Exercise requirements:
Copy each line below exactly and leave the pictures out.

Data block:
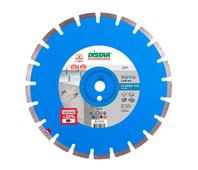 Диск алмазный сегментный  1A1RSS/C1-W 304x2,8/1,8x12x25,4-18 F4 Classic H12, DiStar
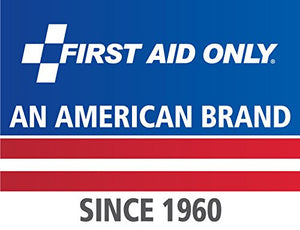 First Aid Kit Refill for 10 People, 59 Count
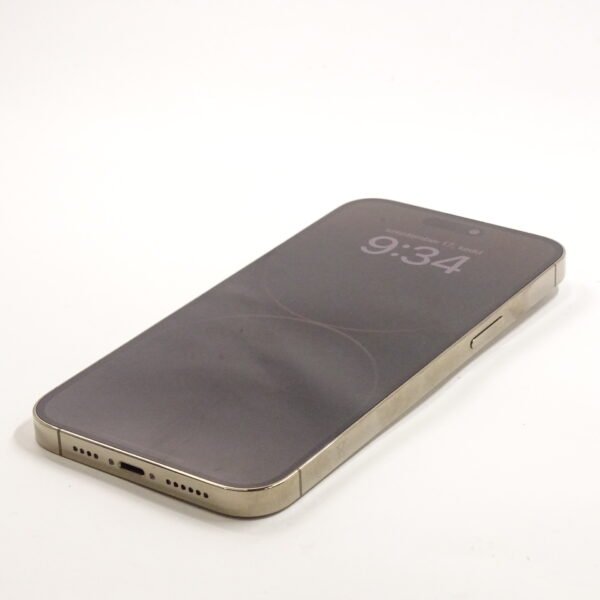 Apple iPhone 14 Pro Max (használt, Gold, 256 GB, 6 GB RAM) - Image 4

Result of the task:
 Диск алмазный сегментный  1A1RSS/C1-W 304x2,8/1,8x12x25,4-18 F4 Classic H12, DiStar
 First Aid Kit Refill for 10 People, 59 Count
 Apple iPhone 14 Pro Max (használt, Gold, 256 GB, 6 GB RAM) - Image 4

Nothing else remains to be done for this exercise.